In another plasma-based approach, Montserrat Costa, who works at the blood products company Grifols in Barcelona, Spain, presented data from that company’s ongoing testing of repeated plasma exchange and albumin replacement to treat symptoms of AD. The idea is that albumin’s propensity to bind Aβ creates a peripheral “sink” that coaxes the toxic protein from the brain, though results from ongoing trials suggest the treatment could also augment antioxidant defenses.

The Alkahest trial was inspired by work in Tony Wyss-Coray’s lab at Stanford. Back in 2011, Wyss-Coray and colleagues demonstrated that parabiotic joining of the blood supplies of a young and an old mouse reversed the effects of aging on the brain (Aug 2011 news). Subsequently, the researchers bypassed the need to conjoin the animals and succeeded in boosting neurogenesis, synaptic activity, and memory in old mice by simply injecting young plasma (May 2014 conference news). Young plasma even improved memory in mouse models of AD (Sep 2016 news). 

Deep Cleanse.

Plasmapheresis equipment in a treatment room at Fundació ACE in Barcelona, the site of a trial of complete plasma exchange and albumin replacement in people with AD. [Courtesy of Fundació ACE.]

Intravenous administration of plasma—the soluble portion of blood sans its cells—is routine during surgery and trauma, and as a treatment for clotting factor deficiencies. In the Plasma for Alzheimer Symptom Amelioration study (PLASMA), Sha assessed the safety and feasibility of plasma infusions in people with AD. 

For the trial, Sha enrolled 18 patients with mild to moderate AD, with an average age in the early 70s and average MMSE score around 19. For the first nine patients, she used a double-blind, placebo-controlled crossover design: After baseline cognitive testing, patients received four weekly infusions of either one unit, i.e. 250 ml, of plasma from men betweem the ages of 18 and 30, or one bag of saline. Then all cognitive tests were repeated. After a six-week washout period, the patients repeated the same sequence but received the opposite treatment from the first block. Of the nine who went through the first round, two left the trial before beginning the second round of treatment. Sensing study fatigue, the investigators switched to open-label, treatment-only infusion for the remaining nine subjects. In total, 13 completed active treatment and nine received placebo.

The treatment appeared safe, with no serious adverse events associated with plasma infusion. One person dropped out due to hives, and one due to an unrelated stroke.

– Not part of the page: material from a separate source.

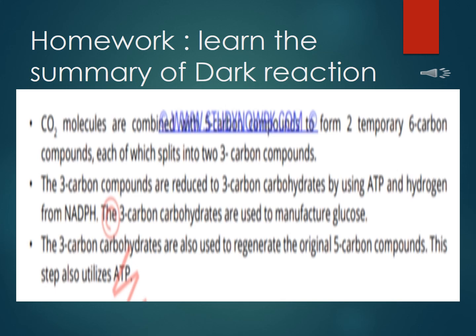The last step is regeneration: the three-carbon carbohydrate is also used to regenerate the original five-carbon compound enzyme. This step also utilizes ATP.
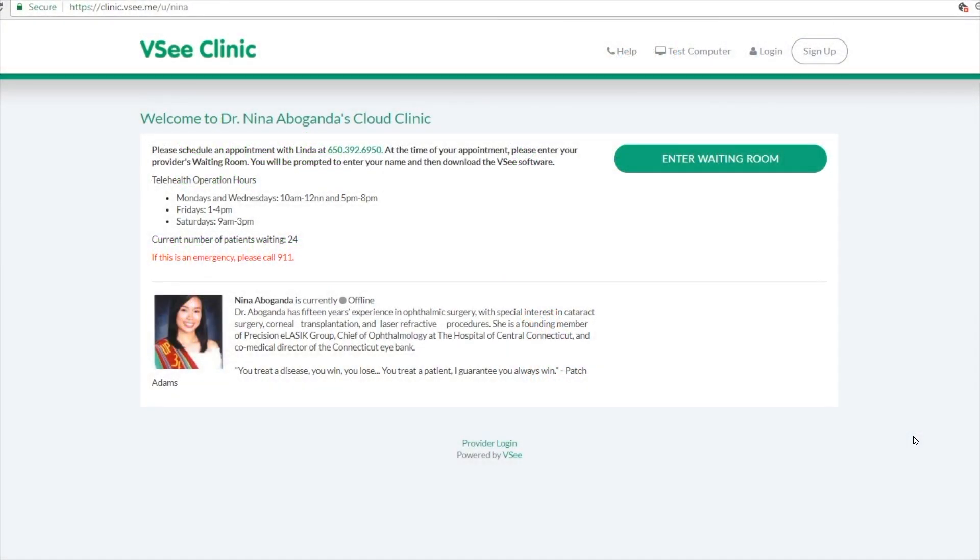Hi everyone, this is Nina from VC and today I'm going to show you how it would look like for your patients when they want to set up a video visit with you via the VC clinic.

In treated participants, Sha saw a statistically significant change in function, with a 4.5-point improvement on the Functional Activities Questionnaire and an increase of 3.2 points on the ADCS-Activities of Daily Living over those who got placebo. There was no improvement in the CDR-SB, a combined clinical-functional endpoint. Sha also detected no improvement in overall cognition measured by the ADAS-Cog or Trails test. Some domains of the ADAS-Cog shifted slightly: Commands were improved, while word recognition and comprehension declined. Participants had no changes in mood assessed by two methods.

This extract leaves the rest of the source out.